Federal regulation of private household employment exceeds constitutional limits - domestic service in private homes is a local matter properly governed by state law under the Tenth Amendment, not interstate commerce. The economic burden on families and barriers to entry for workers outweigh any benefits.

delete PART 519—EMPLOYMENT OF FULL-TIME STUDENTS AT SUBMINIMUM WAGES 29-CFR-519 · 1975
Summary

This regulation establishes a certificate program allowing employers in retail, service, agriculture, and higher education to employ full-time students at subminimum wages (at least 85% of federal minimum) under conditions claimed to prevent curtailment of employment opportunities and avoid displacing non-student workers. It imposes hours restrictions, requires school verification, mandates extensive recordkeeping, and includes a complex application/review process with temporary authorization provisions.

Reason

This regulation violates free market principles by allowing wage discrimination against students and creating a two-tiered labor system. It imposes significant compliance burdens (applications, certificates, recordkeeping) that fall heaviest on small businesses while distorting labor market incentives. The government lacks the knowledge to determine when such exemptions are 'necessary' and the process invites regulatory capture. Students should be free to negotiate wages voluntarily, and employers should be free to hire without bureaucratic interference. The unseen costs include depressed wage standards, potential displacement of non-student workers, and expanded bureaucratic power that erodes the rule of law through complex, unknowable requirements.

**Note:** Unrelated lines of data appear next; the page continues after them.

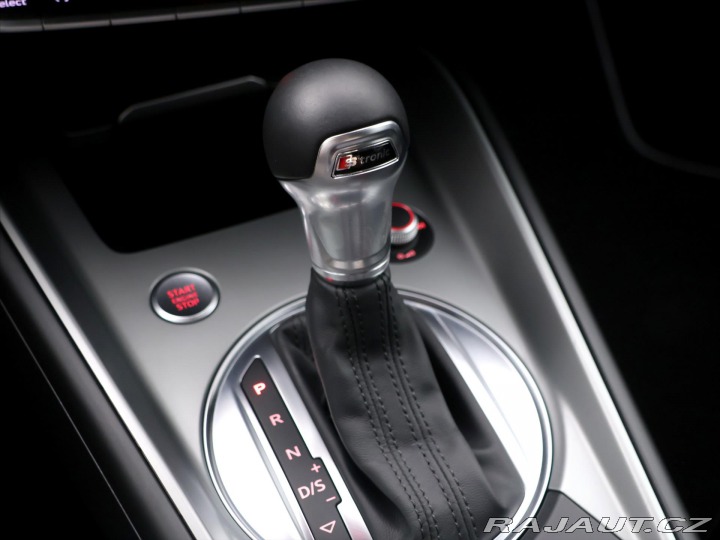 Audi TT 2,0 TFSI 169 kW S-tronic 2015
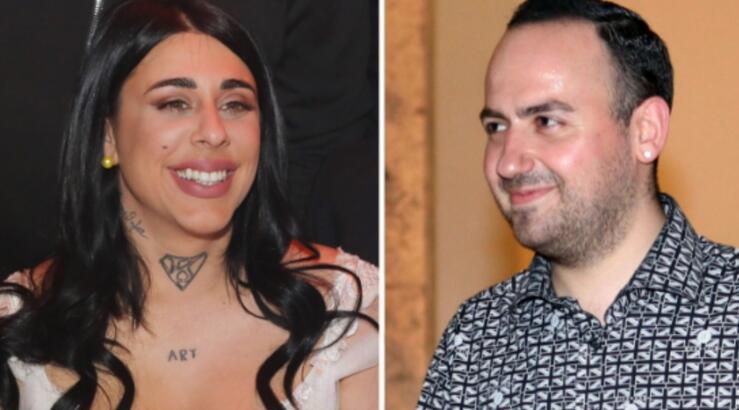 Μαυρίκιος - Super Κική: «Μιλήσαμε, τα βρήκαμε, αισθάνεται άσχημα, μου ζήτησε συγγνώμη» [βίντεο]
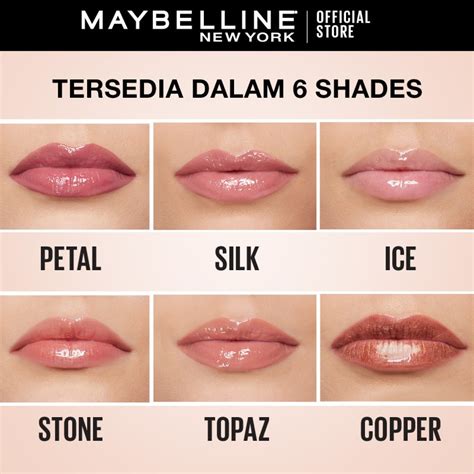 Jual Maybelline Lip Lifter Gloss Termurah November 2024 Beautyhaul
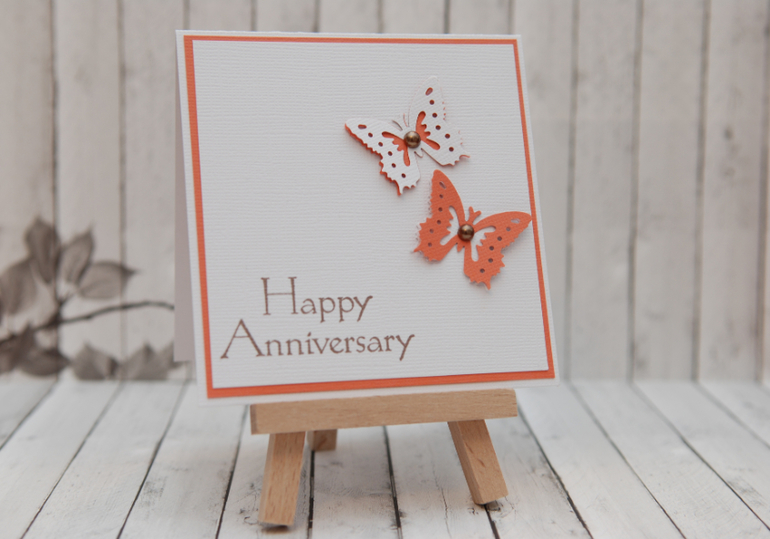 Открытки Clear & Simple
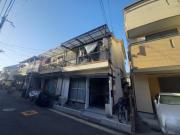 城南町テラスハウス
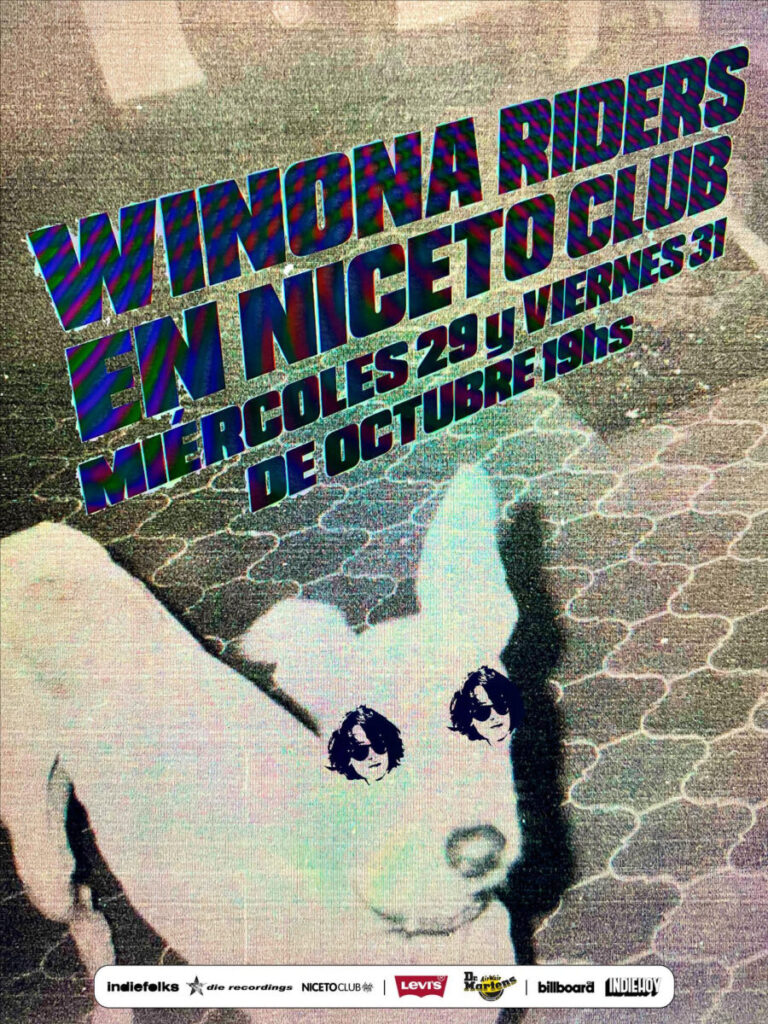 Winona Riders Niceto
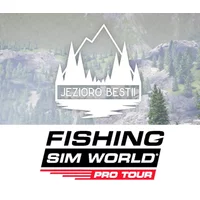 Buy Fishing Sim World: Pro Tour - Jezioro Bestii DLC Steam C
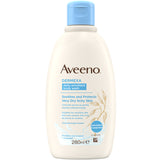 Buy 10 Take 3 - Aveeno Dermexa Daily Emollient Body Wash 280ml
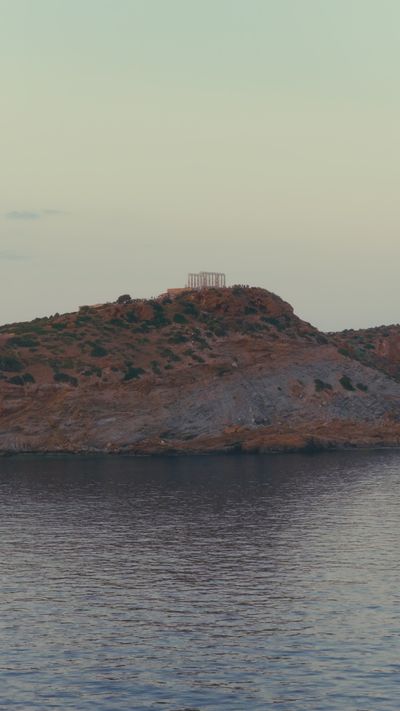 K's fantasy landscape cinematic video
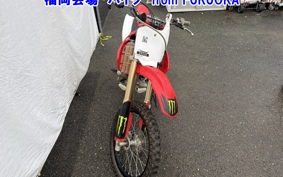 HONDA CRF150R
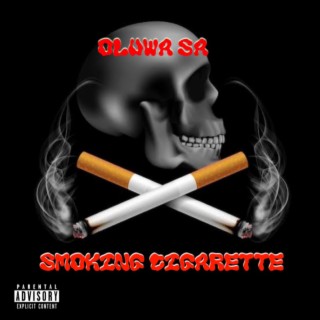 Smoking Cigarette lyrics | Boomplay Music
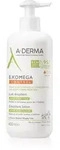 A-Derma Exomega Control Emollient Lotion Bodylotion Gegen Reizungen und Jucken der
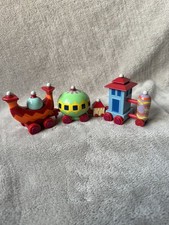 In the Night Garden Ninky Nonk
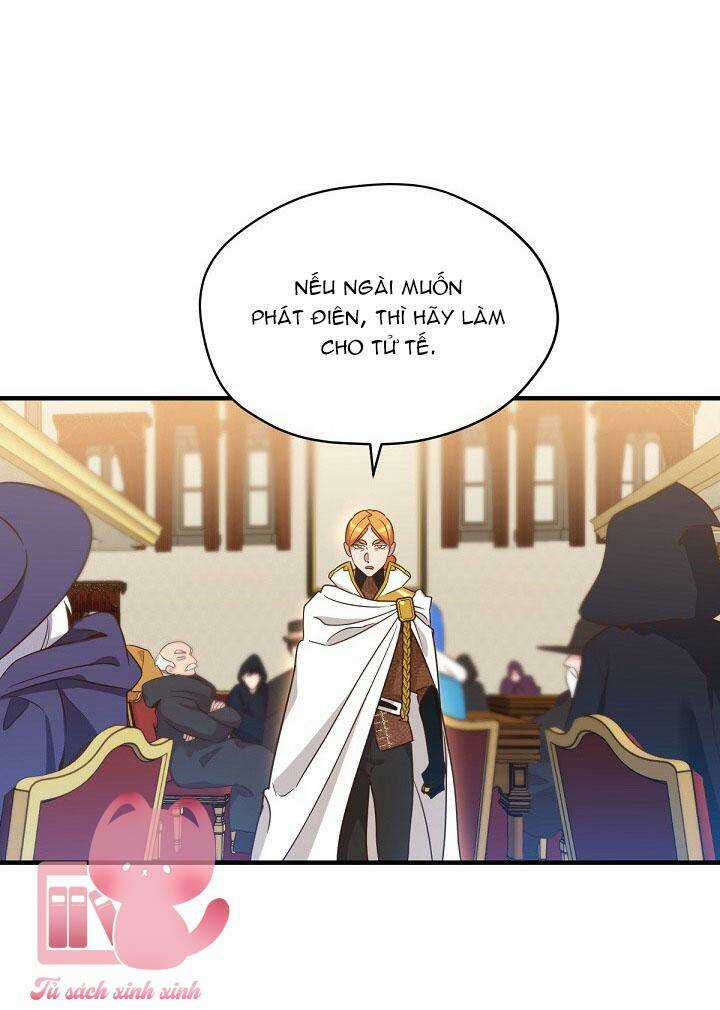 Hãy Dậy Đi Hỡi Chiến Binh Chapter 59 trang 36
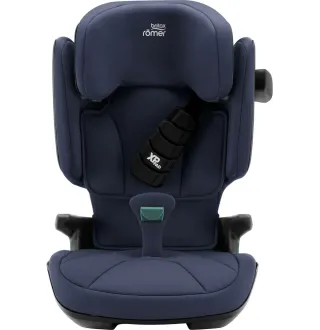 Автокрісло Britax-Romer Kidfix i-Size Moonlight Blue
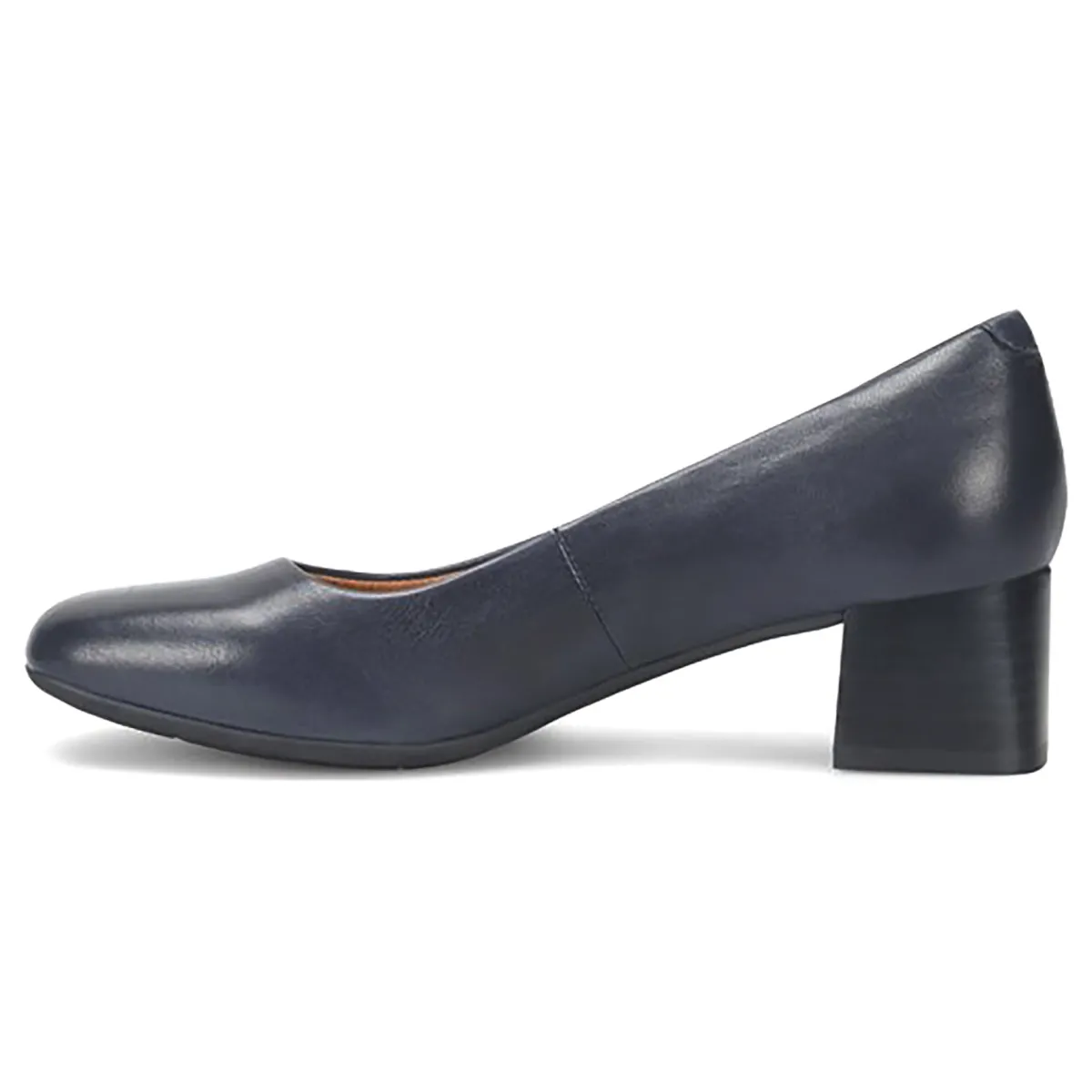 Comfortiva Peach-Women Wide | Standard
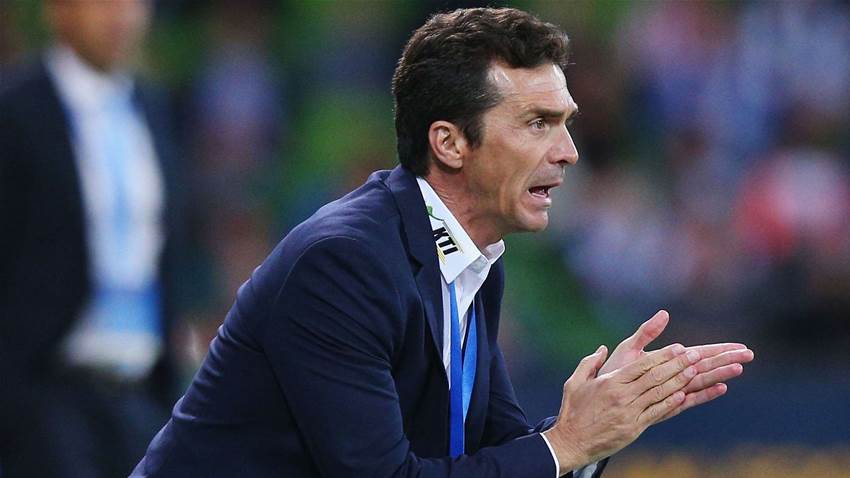 Amor: Reds still fixed on first Amor: Reds still fixed on first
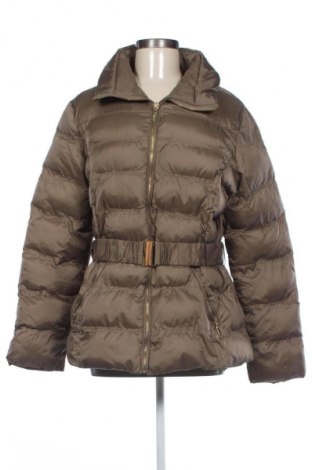 Dámská bunda  Denim Co., Velikost XL, Barva Hnědá, Cena  479,00 Kč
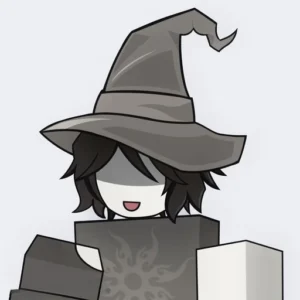 azure pfp forsaken design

keep PART 20—CRIMINAL JUSTICE INFORMATION SYSTEMS 28-CFR-20 · 1975
Summary

This regulation establishes comprehensive standards for the collection, storage, and dissemination of criminal history record information across federal, state, and local criminal justice systems. It creates the Interstate Identification Index System (III) and requires states to implement procedures for data accuracy, security, individual access rights, and limited dissemination to protect privacy while enabling law enforcement operations.

Reason

Americans would be worse off if this regulation was deleted because it ensures criminal records are accurate and secure, protects individual privacy rights through access and correction procedures, prevents wrongful arrests from outdated or incorrect information, and maintains the integrity of the criminal justice system that millions of Americans rely on for public safety.

delete PART 420—TEMPORARY REGULATIONS ON PROCEDURE AND ADMINISTRATION UNDER THE EMPLOYEE RETIREMENT INCOME SECURITY ACT OF 1974 26-CFR-420 · 1975
Summary

Provides an irrevocable election procedure for pre-1974 retirement plan administrators to apply ERISA's federal participation, vesting, funding, and benefit form provisions to an early plan year between September 1974 and scheduled effective dates.

Reason

Obsolete: no eligible plans remain after 50 years. Keeping it inflates CFR size, undermining rule-of-law knowability. Original flaw: federalized private contracts via Commerce Clause, imposing $2T/year compliance burden, disproportionately harming small businesses via 30% higher per-employee costs.